The Pope acknowledges that the task of standing against Babel and being an architect of peace may seem like an intimidating task—like “the problems are too big and we are too small” (MH, para. 212). Still, he insists, “no one is without responsibility,” and “[w]e all have our own areas for action” (id.). Pope Leo illustrates this charge with words from a Catholic theologian not previously featured in a papal encyclical: J. R. R. Tolkien. In the third book of his Lord of the Rings trilogy, Tolkien’s Gandalf remarks:
It is not our part to master all the tides of the world, but to do what is in us for the succour of those years wherein we are set, uprooting the evil in the fields that we know, so that those who live after may have clean earth to till (MH, para. 213).
These words echo Pope Leo’s teachings earlier in the encyclical on the importance of appreciating the limits and finitude of the human condition, and of “remember[ing] that humanity flourishes not despite limitations, but often through them” (MH, para. 118).

Seen within the overall vision of Magnifica Humanitas, the wisdom embodied in Gandalf’s words serves to connect the task of Christians today with an awareness of their creaturely limitations and situatedness within the natural world and their role as stewards, doing what they can to prepare the way for future generations. In this way, Pope Leo calls us to reject the new Tower of Babel and instead “work together in the presence of God to rebuild the walls of fraternal coexistence” (MH, para. 9).
Peace, Justice, and the Vulnerability of the Displaced
In warning against the dangers of modern technology and its misuses, Magnifica Humanitas points us not only to Catholic theological tradition but also to seminal legal and political documents in recent human history, most notably the Universal Declaration of Human Rights (1948) and the UN Convention Relating to the Status of Refugees (1951).
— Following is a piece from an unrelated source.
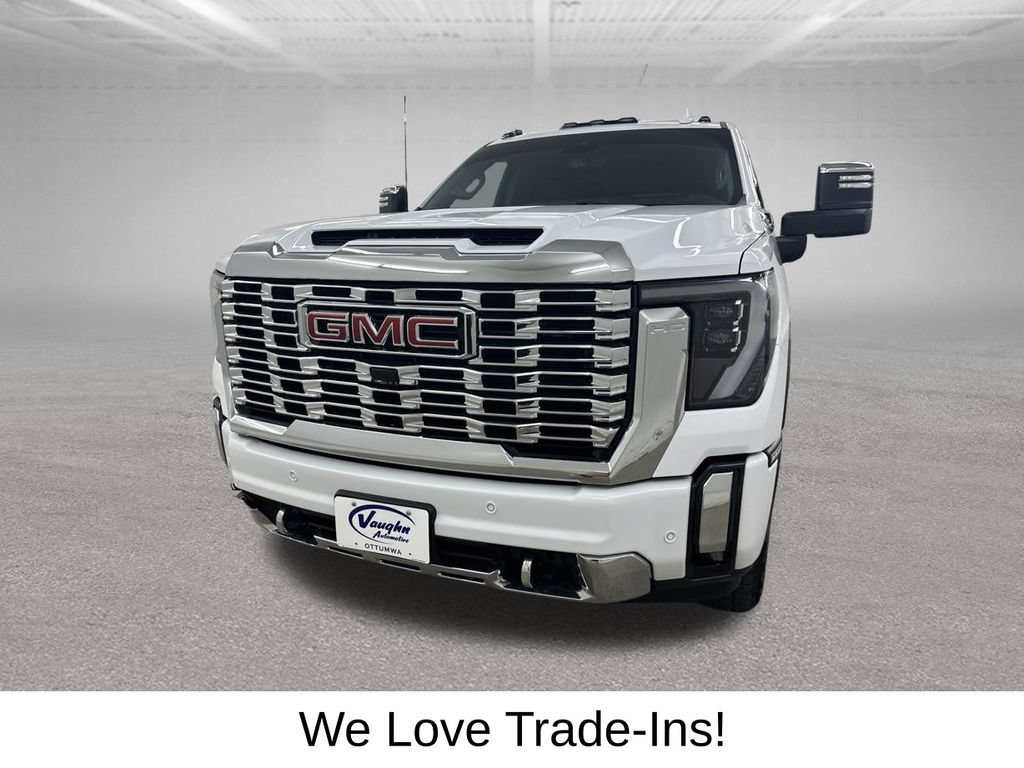 Used 2025 GMC Sierra 2500 Denali w/ Denali Reserve Package AWD/4WD image 3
Our treatment of migrants, refugees, and the forcibly displaced, Pope Leo XIV reminds us, stands as a critical “litmus test” for our commitment to—and therefore care for—social justice (MH, para. 81). Justice, he asserts, is among the foundation blocks needed for the construction of peace (MH, para. 215).
The positioning of justice as an antecedent foundation for peace resonates with the theology of peace and its relationship to both love and justice within the Catholic tradition. As Thomas Aquinas writes in his Summa Theologica, peace is an effect or work of charity: just as love brings together and unifies what might otherwise stand apart, so too peace is “the union of the appetite’s inclinations” (ST, pt. II-II, question 29, art. 3). Aquinas associates this concept with Augustine of Hippo, who in his City of God notoriously defines peace as the “tranquillity of order” (bk. XIX, chap. 13). Although peace is the direct work of charity or love (caritas), it remains the role of justice to “remove the obstacles” to peace and thereby prepare the way for the divinely ordered tranquillity brought about by caritas (ST, pt. II-II, question 29, art. 3). In the language of Gandalf quoted above, the work of justice is to “uproot the evil in the fields” so that charity may then till.
Drawing on the teaching of Pope John Paul II and Pope Francis, Pope Leo defines social justice in terms of beginning our moral consideration with those who are most vulnerable—those, such as the poor, the displaced, and victims of violence, who exist on the “existential peripheries” (MH, para. 78). Concern for vulnerability as the raison d’être of social justice draws on the 2013 apostolic exhortation Evangelii Gaudium (EG), in which Pope Francis grounds the calling for all Christians “to care for the vulnerable of the earth” (para. 209) in Jesus’s personal identification with the weakest and most downtrodden members of society (Matthew 25:40).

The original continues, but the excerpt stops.